Live search: The integration of live OCR into the tool for both capture and search is useful to automatically set the product name without requiring text entry, which not only aids users uncomfortable with text entry on mobile devices, but also helps improve the consistency of the database. Users can launch a live video view that sends keyframes to a local OCR engine. The OCR engine extracts text from the scene and sends it to a server, which returns a scored list of products.
Speech-to-text: If the users capturing video do not add annotations to a bookmark, the exemplary embodiments can automatically select audio from the captured video in a time window around the bookmark and apply speech to text conversion. If the speech is converted with a high enough confidence, the text can be used as a searchable annotation. A tip author may utter some descriptive speech while recording a tip, in particular while marking a bookmark during capture. To help make this speech useful, speech recognition, or speech-to-text, may be employed on the server. The captured audio in the immediate neighborhood of a bookmark can be extracted for speech-to-text processing. The speech-to-text may be performed by some external service or with a local process. If speech is recognized with a good confidence level it can be added to the searchable bookmark text to aid text-based retrieval of tips.

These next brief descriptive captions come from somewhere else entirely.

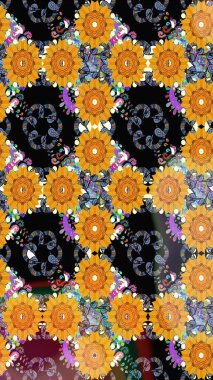 Kusursuz etnik tasarım. Yatak çarşafları, ceket, paket tasarımı, kumaş ve moda kavramları için tekstil baskısı. Çiçekleri, deniz kabukları, mandalaları ve suluboya efektleri olan deniz altyapısı.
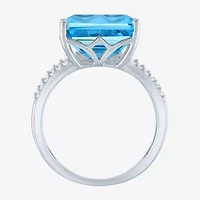 Diamond Addiction Womens 1/7 CT. T.W. Genuine Blue Topaz 10K White Gold Cocktail Ring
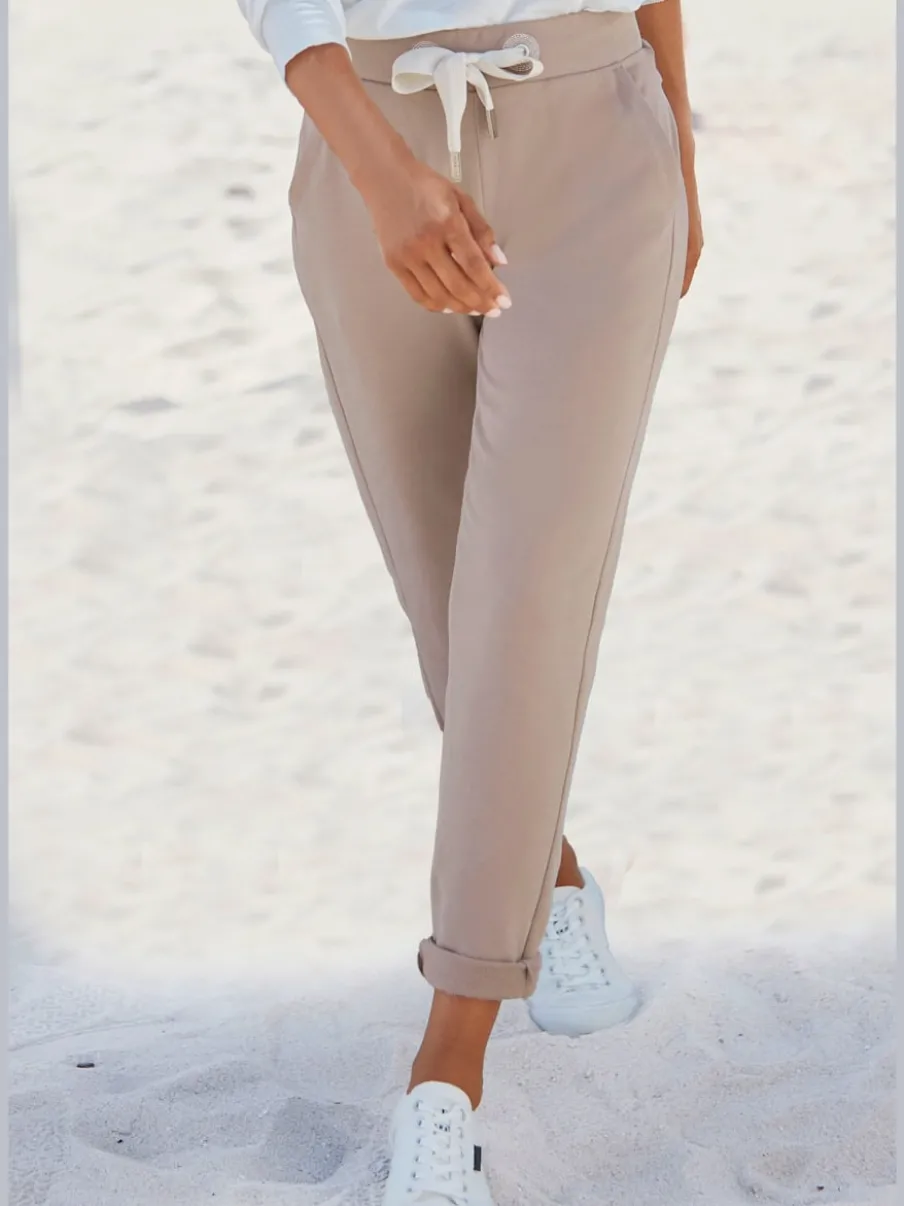 Pantalons décontractés avec ceinture élastique et poches latérales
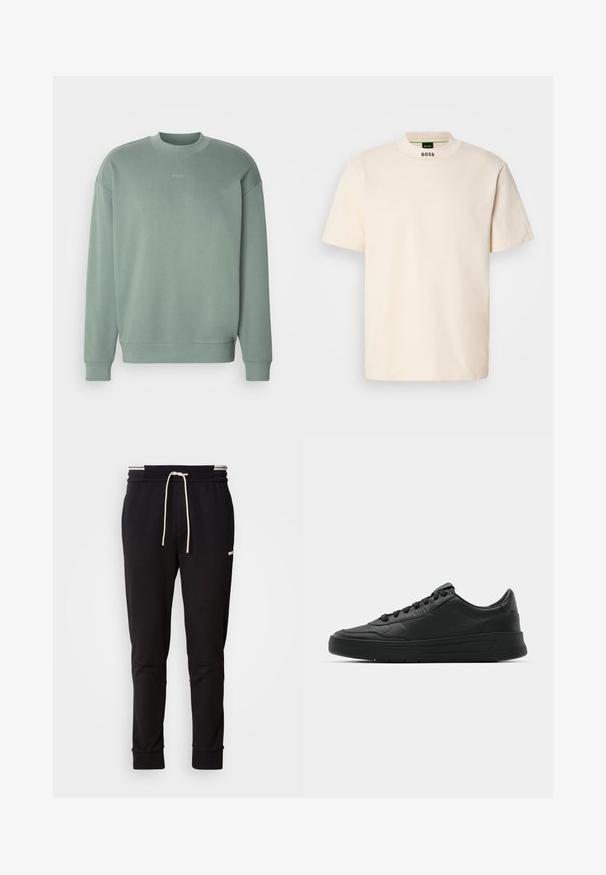 Mintgroene sweatshirt met een ronde halslijn, verlaagde schouders, geribbelde manchetten en een subtiele "HUGO"-logo gecentreerd op de borst. Zachte textuur.; Crème kleurig T-shirt met korte mouwen en hoge kraag, met "BOSS" in het zwart gedrukt op de voorkant van de nek en op het binnenlabel.; Zwarte slim-fit joggerbroek met witte trekkoord, ribgebreide boorden en subtiele logo op de bovenbenen, tegen een effen achtergrond.; Zwarte sneaker met een glad leren bovenwerk, ronde neus, platte veters, gewatteerde kraag en minimalistisch design. Rubberen zool met een subtiel profiel.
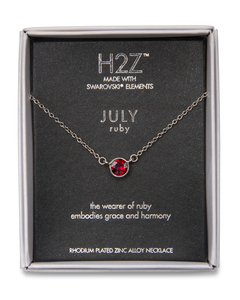 Liza Birthstone July Ruby by H2Z Made with Swarovski Elements - 17"-18.5" Necklace with 0.25" Crystal Pendant made from Austrian Crystals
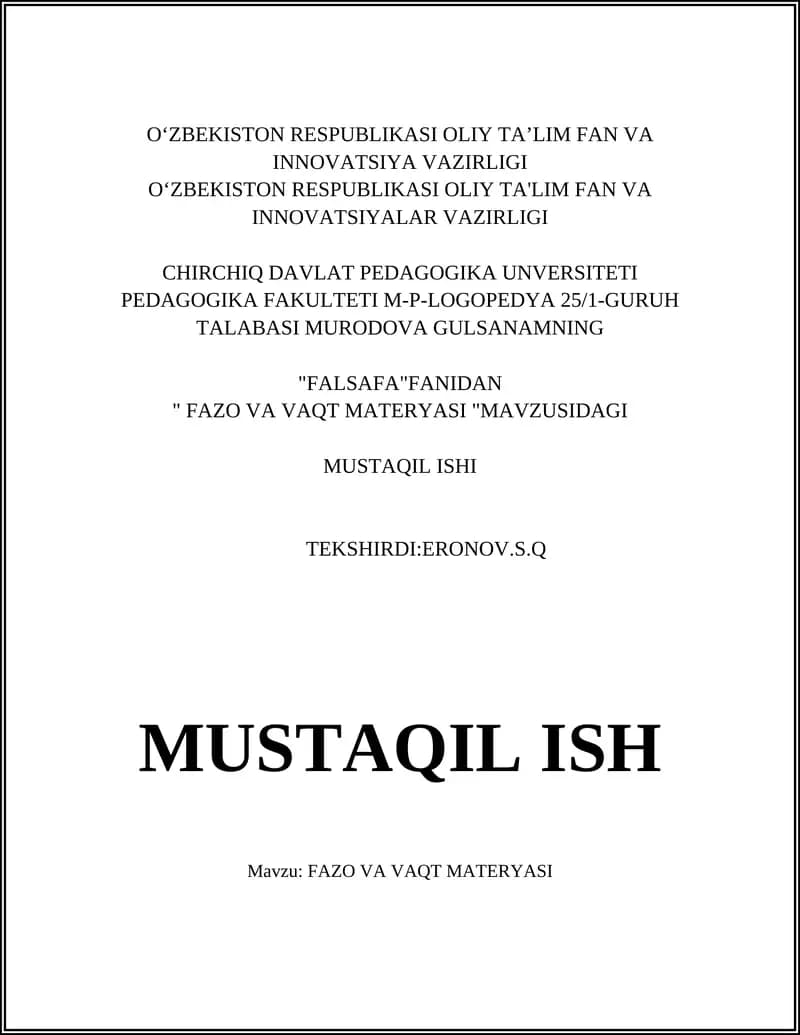 FAZO VA VAQT MATERYASI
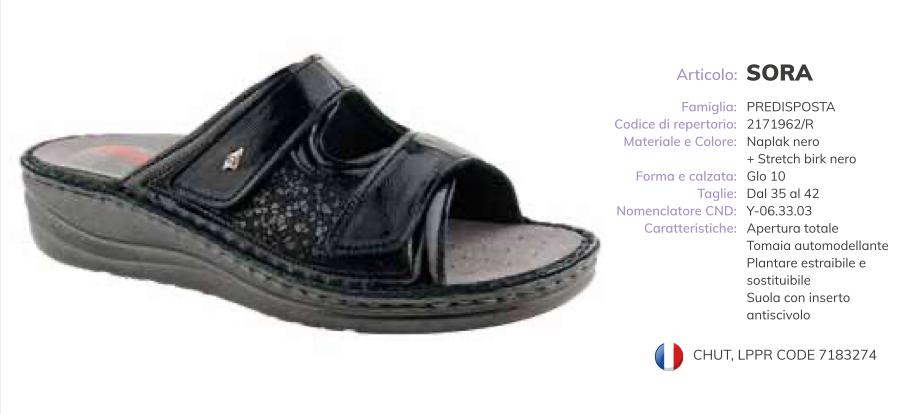 Sora Nero - Ciabatte predisposte con plantare estraibile scarpe estive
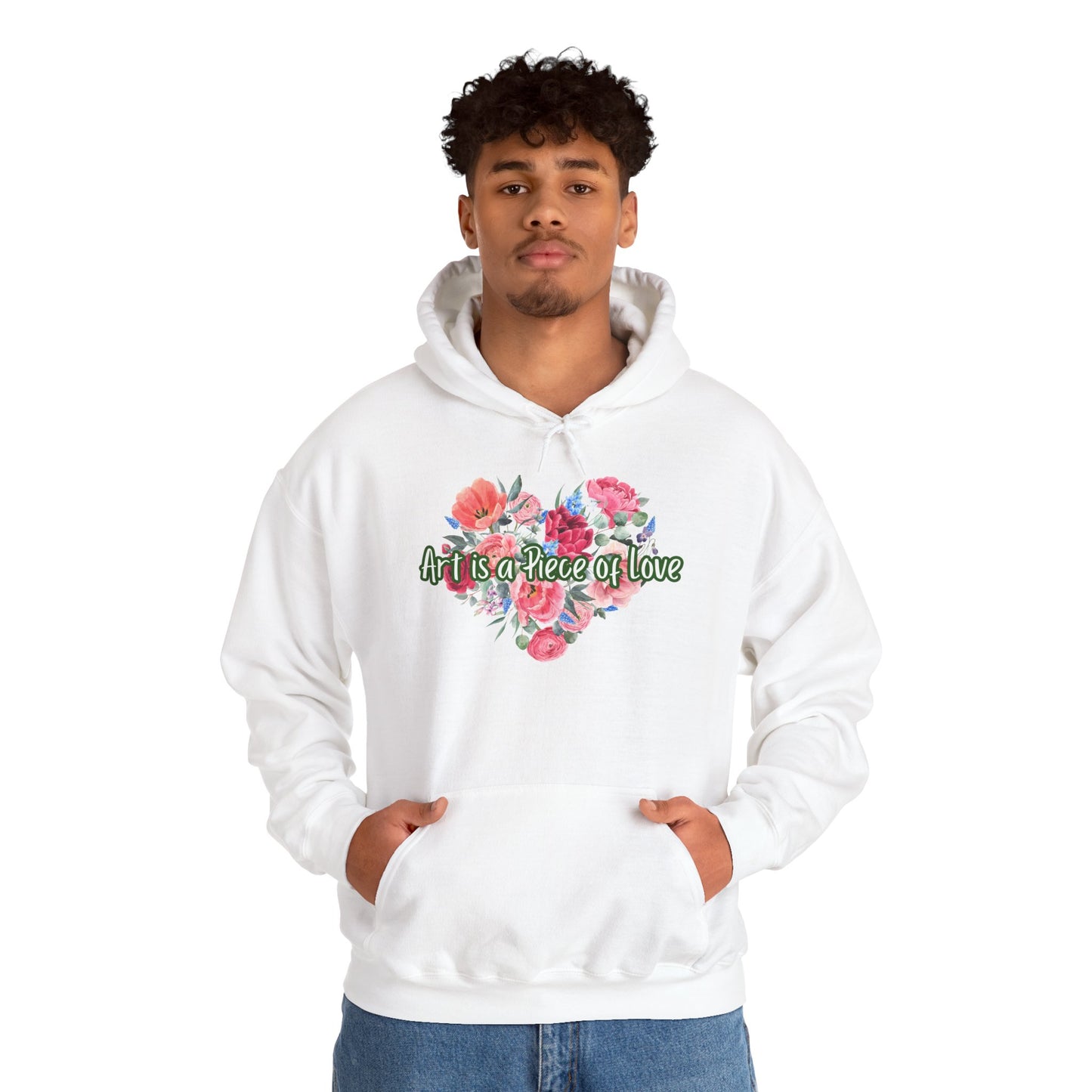 Art Is a Piece of Love Floral Hoodie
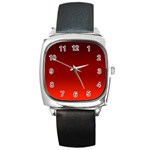 Scarlet Red Ombre Gradient Square Metal Watch
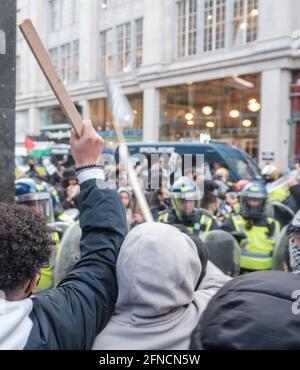 May 15th 2021, around 150,000 people attend the  March for Paleistine protest; they converged at the Israeli Embassy but where blocked and eventually Stock Photo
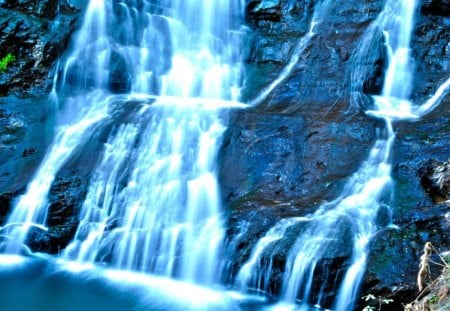 Misty Blue Cascades - rocks, river, waterfall, mist, cascades, blue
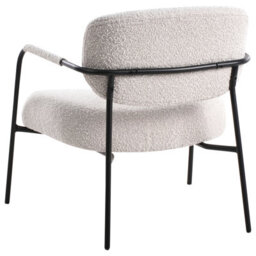 Wyld and Coco Centuryhome Low-Profile Mid-Century Armchair - Light Beige Polyester, Steel Frame - thumbnail 5
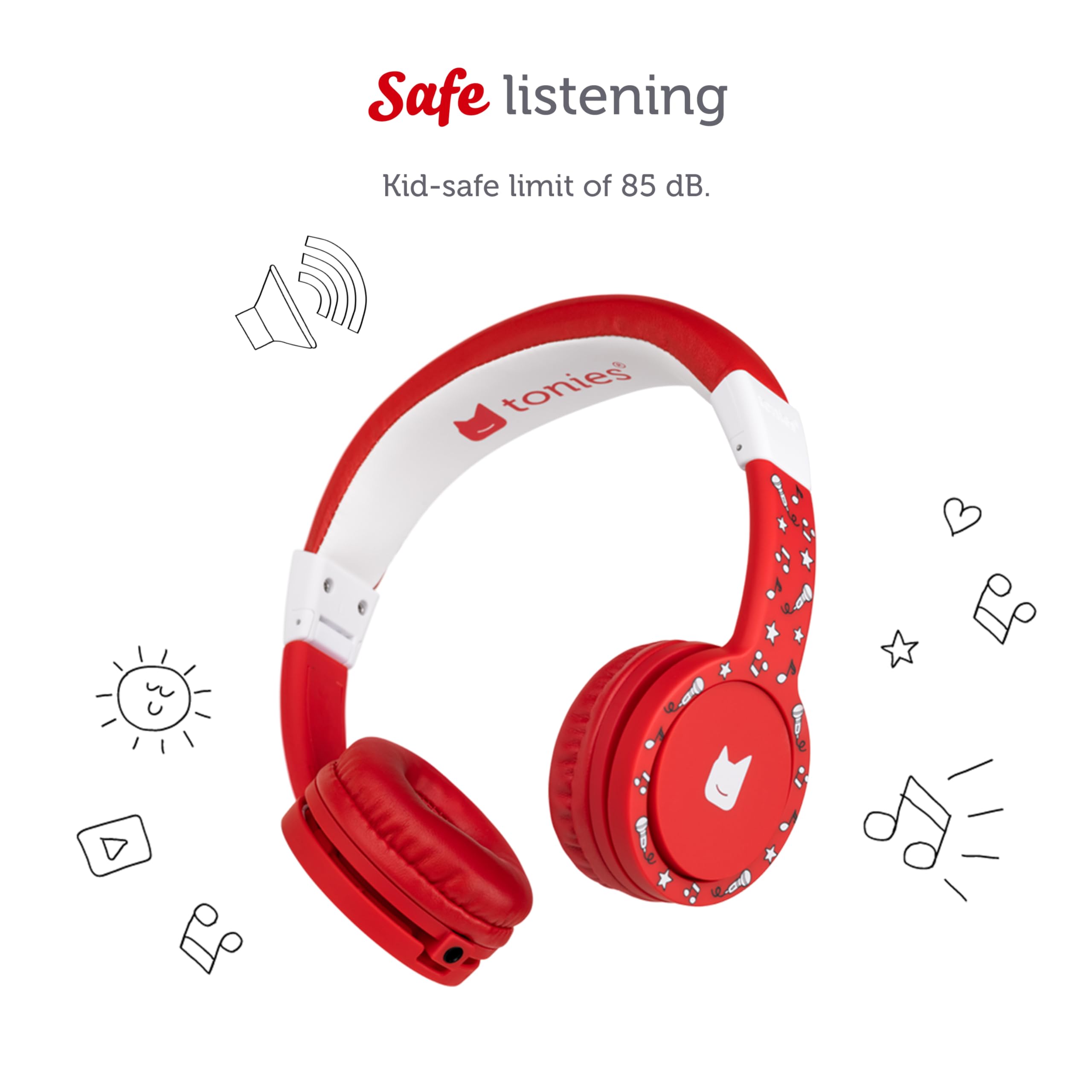 Foto 4 pulgar | Auriculares Plegables Tonies Con Cable Para Niños, Color Rojo - Venta Internacional.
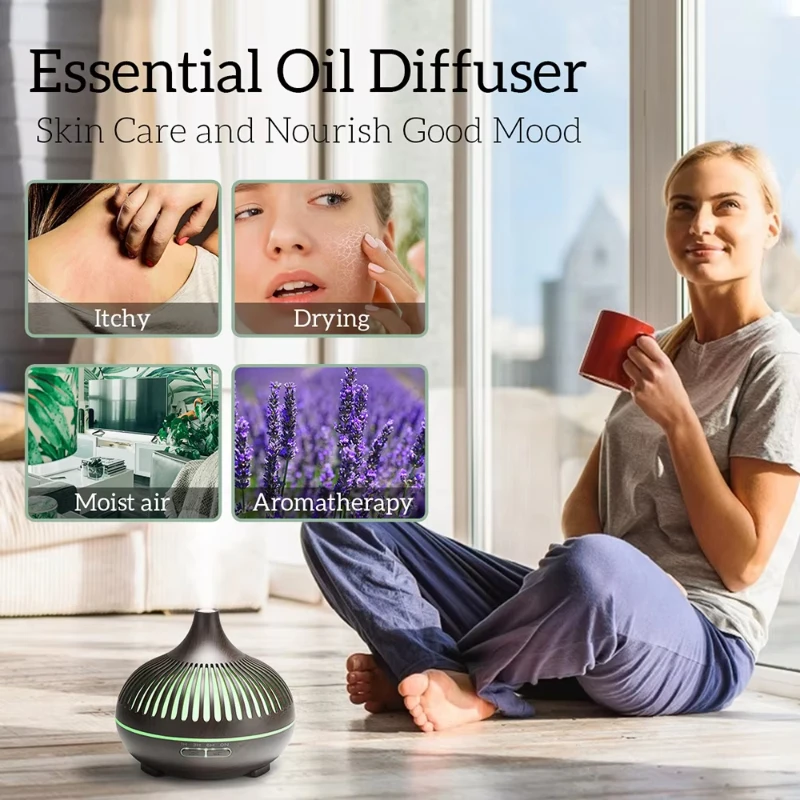 wireless 500ML Aromatherapy Essential Oil Diffuser woodstove Ultrasonic Air Humidifier Cool with 7 Color LED Lights 4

Black frames: After a video is submitted, the exemplary embodiments can cull sections of videos that were clearly not meant to be viewed, such as long sequences of black frames. This allows users capturing video to set their mobile device aside while it is recording so that they can focus on the objects they are documenting.
Moreover, other implementations of the invention will be apparent to those skilled in the art from consideration of the specification and practice of the invention disclosed herein. Various aspects and/or components of the described embodiments may be used singly or in any combination. It is intended that the specification and examples be considered as exemplary only, with a true scope and spirit of the invention being indicated by the following claims.